▸ **Short web captions**:
================
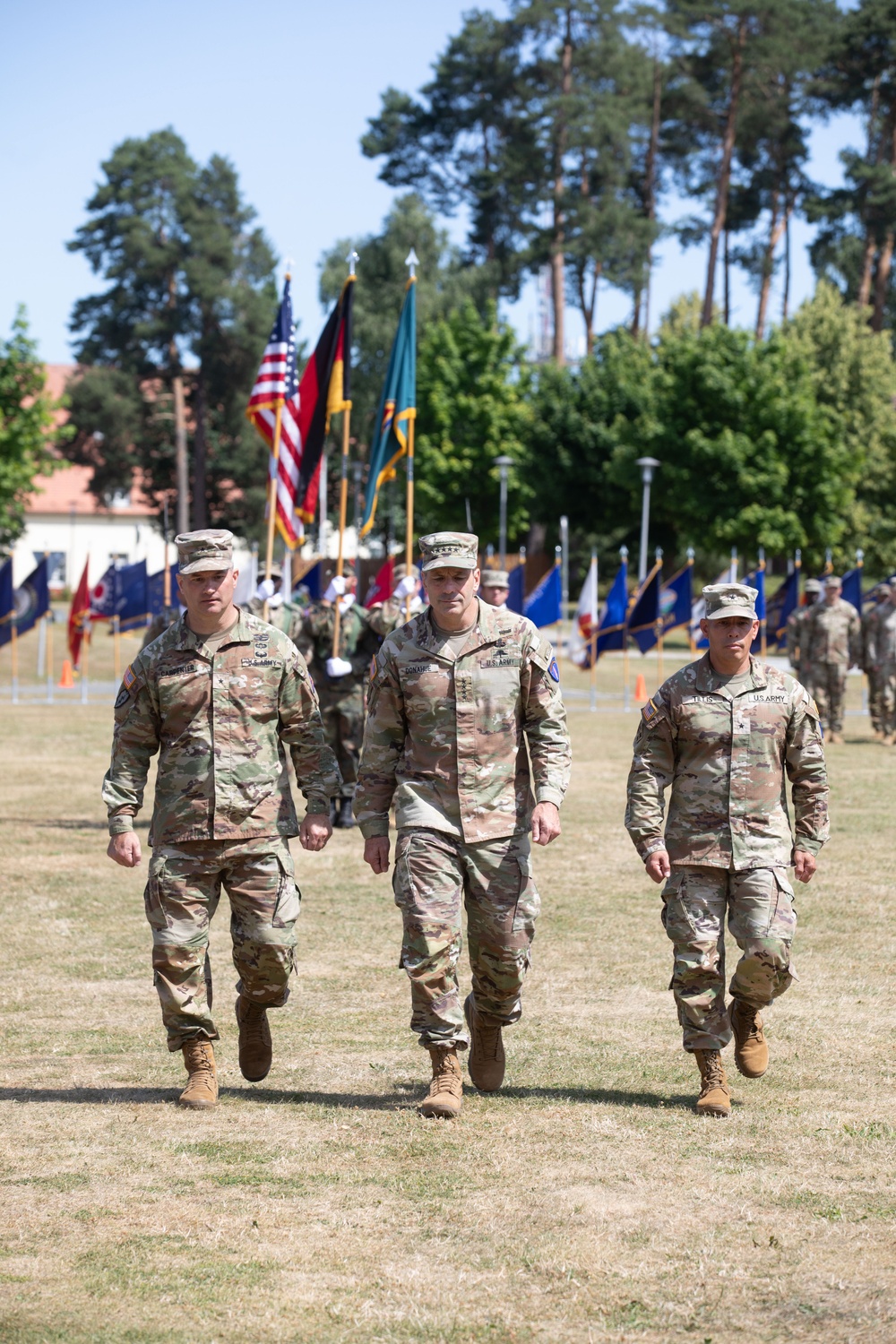 7th ATC change of command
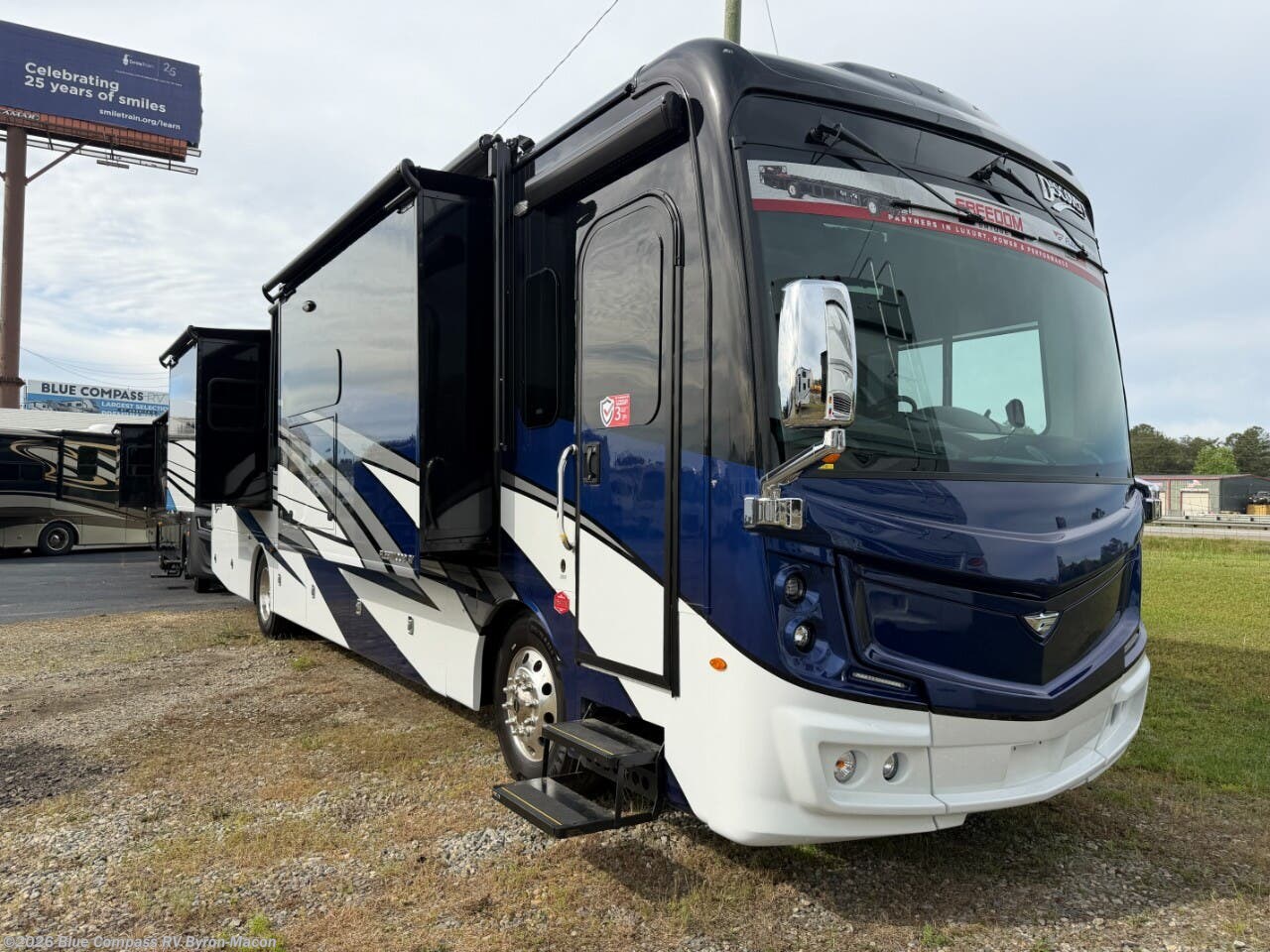 New 2026 Fleetwood Discovery 38N available in Byron, Georgia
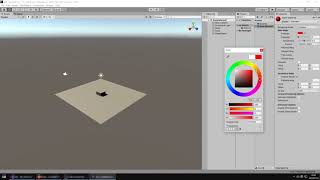 Details unity cube rotation Update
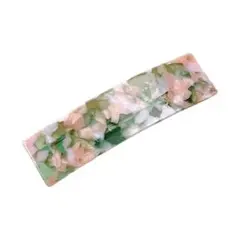 ナカノヤ バレッタ 80mm 1個 NKBT17PG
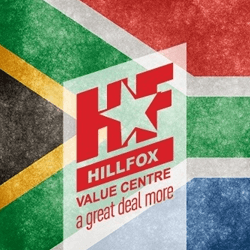 Mall in Weltevreden Park, Gauteng - Hillfox Value Centre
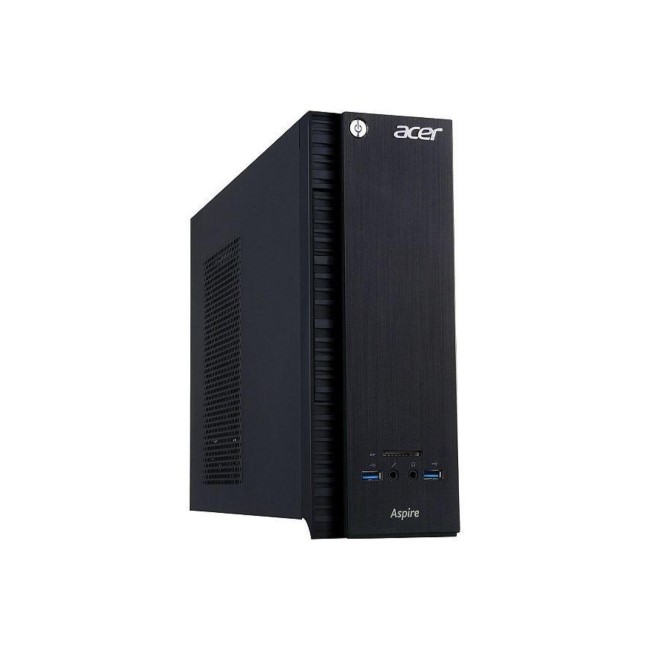Refurbished Acer Aspire TC-220 AMD A8-7600 3.10GHz 6GB 1TB +  32GB SSD DVD-Writer Radeon R5 Graphics Windows 10 Desktop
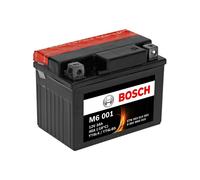 M6001 - BATTERIA MOTO BOSCH YTX4L-BS 12V 3AH SCOOTER S/MAN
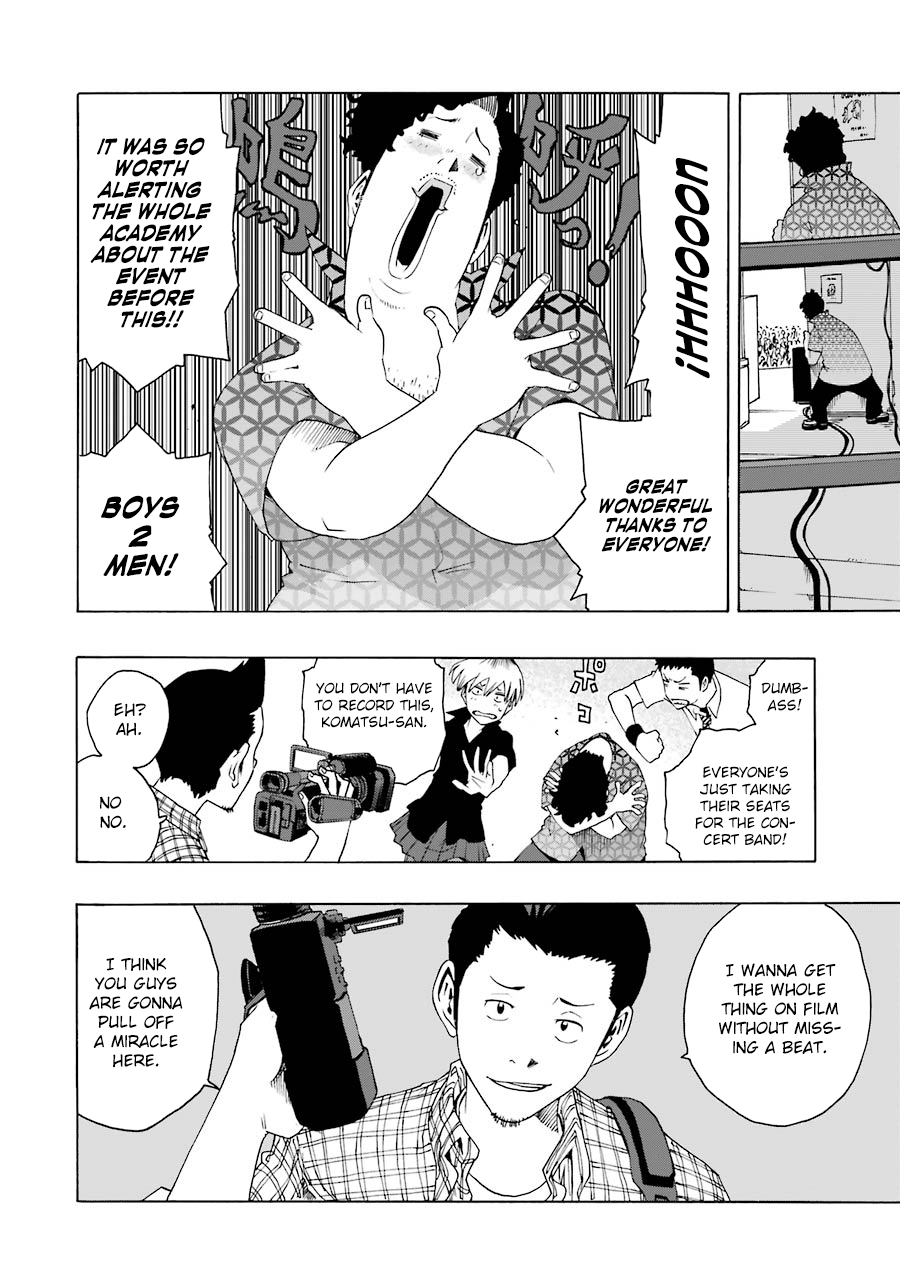 Read Shiori Experience Jimi Na Watashi To Hen Na Oji San EN Manga Online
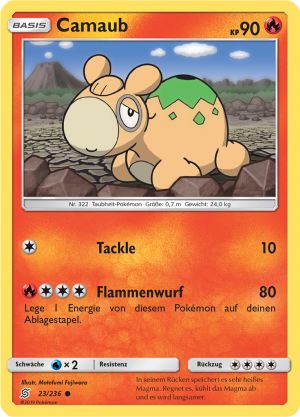 Camaub - 23 - Bund der Gleichgesinnten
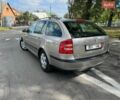 Серый Шкода Октавия, объемом двигателя 1.6 л и пробегом 198 тыс. км за 7400 $, фото 31 на Automoto.ua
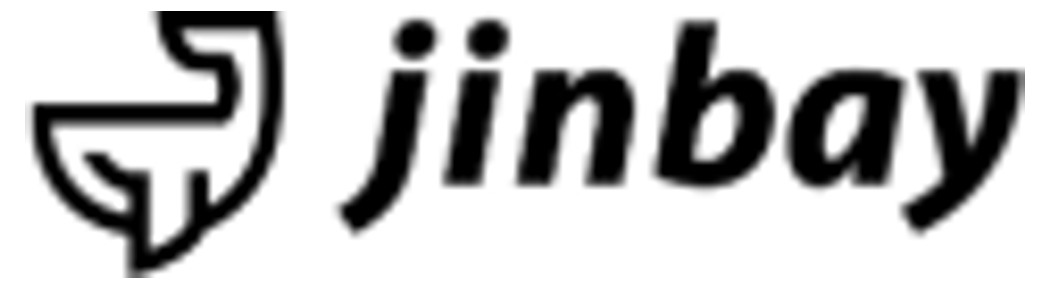 ジンベイ株式会社 ロゴ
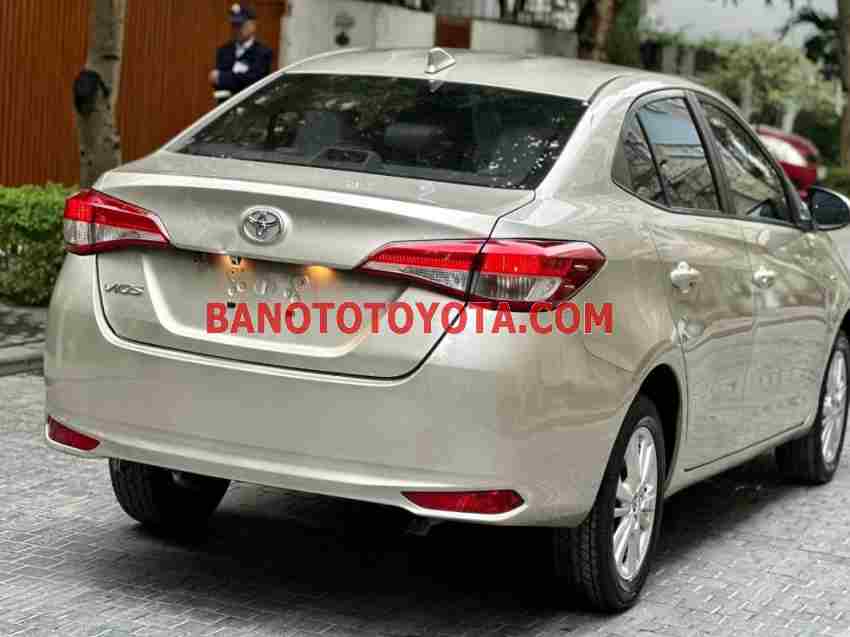 Cần bán nhanh Toyota Vios 1.5E MT 2019 cực đẹp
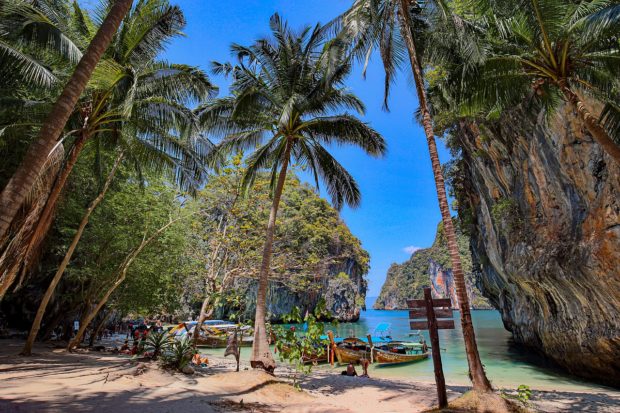 10 Reasons To Escape To Krabi In The Summer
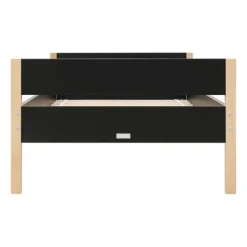 Bopita Lucas Bed - 90 x 200 cm - Wit / Naturel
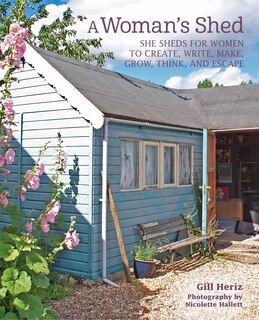 Couverture_A Woman's Shed
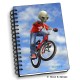 Grey vs Green: BMX Notebook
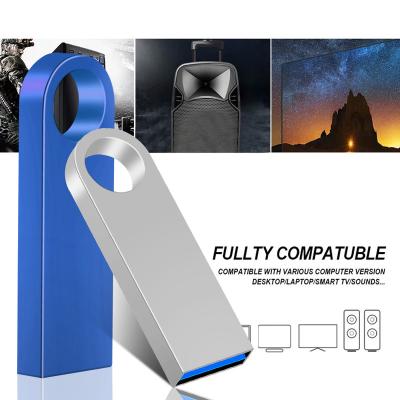 China Promotional Hot Sale Metal Waterproof 64GB 128GB USB Flash Drive With Sams Sungs for sale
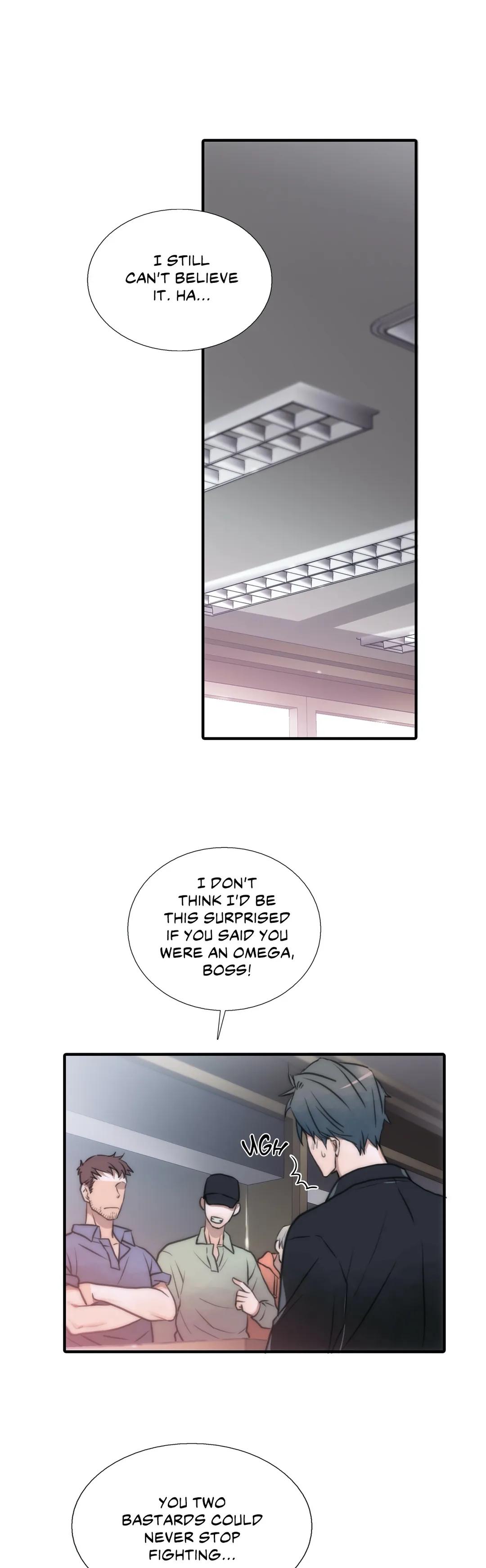 Love Shuttle Chapter 46.1 page 6 - 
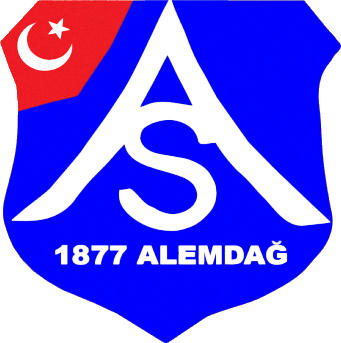 标志1877年阿莱姆达格斯波尔 (土耳其)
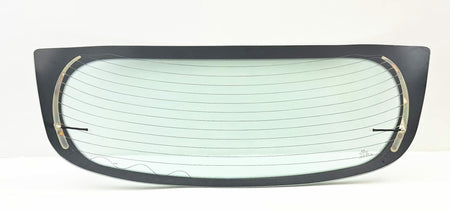 Heated Back Window Back Glass Compatible with Ford Fiesta 4 Door Hatchback 2011-2019 Models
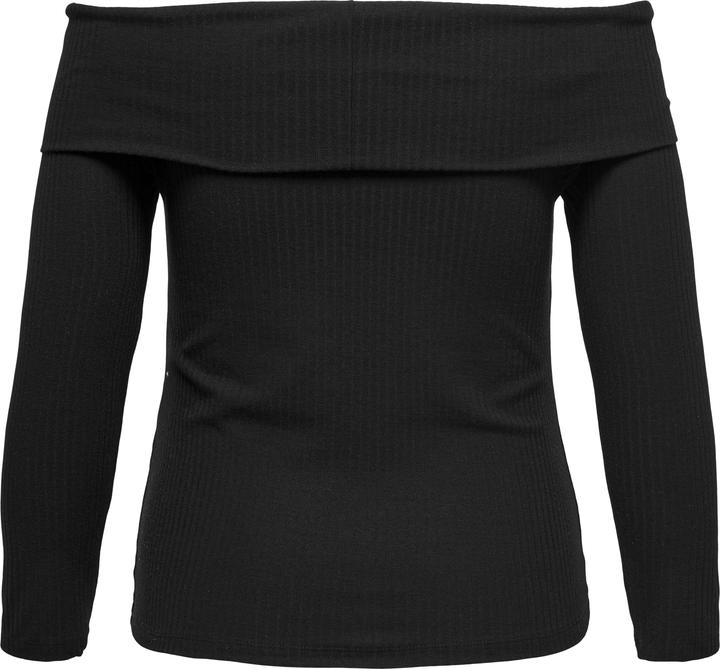 Actual product image Only Regular fit off the shoulder top Top Top (M)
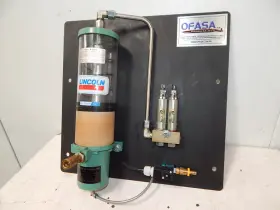 P2034xnb03k61101a110 Ofasa Lubrication System M4138
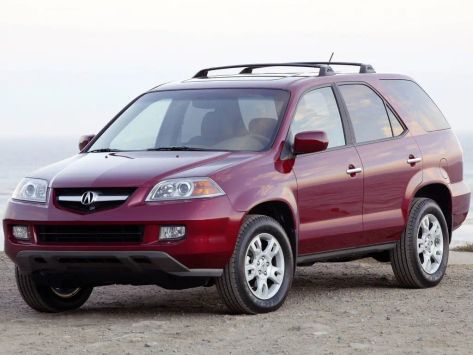 MDX, YD1, 2003–2006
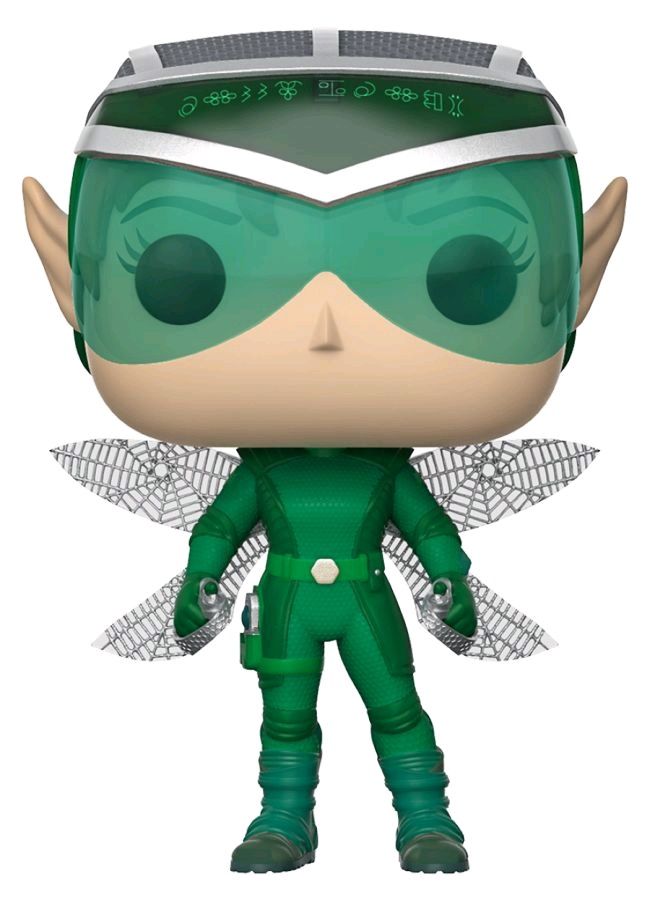 Artemis Fowl - Holly Short Pop! Vinyl Figure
================
Reproduce the records above exactly, excluding every picture.

 7th ATC change of command
 New 2026 Fleetwood Discovery 38N available in Byron, Georgia
 Details unity cube rotation Update
 ナカノヤ バレッタ 80mm 1個 NKBT17PG
 Mall in Weltevreden Park, Gauteng - Hillfox Value Centre
Refurbished Acer Aspire TC-220 AMD A8-7600 3.10GHz 6GB 1TB +  32GB SSD DVD-Writer Radeon R5 Graphics Windows 10 Desktop
 M6001 - BATTERIA MOTO BOSCH YTX4L-BS 12V 3AH SCOOTER S/MAN
 Read Shiori Experience Jimi Na Watashi To Hen Na Oji San EN Manga Online
 Camaub - 23 - Bund der Gleichgesinnten
 Серый Шкода Октавия, объемом двигателя 1.6 л и пробегом 198 тыс. км за 7400 $, фото 31 на Automoto.ua
 ジンベイ株式会社 ロゴ
 Cần bán nhanh Toyota Vios 1.5E MT 2019 cực đẹp
 10 Reasons To Escape To Krabi In The Summer
 Bopita Lucas Bed - 90 x 200 cm - Wit / Naturel
 Couverture_A Woman's Shed
 Grey vs Green: BMX Notebook
 China Promotional Hot Sale Metal Waterproof 64GB 128GB USB Flash Drive With Sams Sungs for sale
 Love Shuttle Chapter 46.1 page 6 - 
 标志1877年阿莱姆达格斯波尔 (土耳其)
 Heated Back Window Back Glass Compatible with Ford Fiesta 4 Door Hatchback 2011-2019 Models
 Actual product image Only Regular fit off the shoulder top Top Top (M)
 P2034xnb03k61101a110 Ofasa Lubrication System M4138
 MDX, YD1, 2003–2006
 Artemis Fowl - Holly Short Pop! Vinyl Figure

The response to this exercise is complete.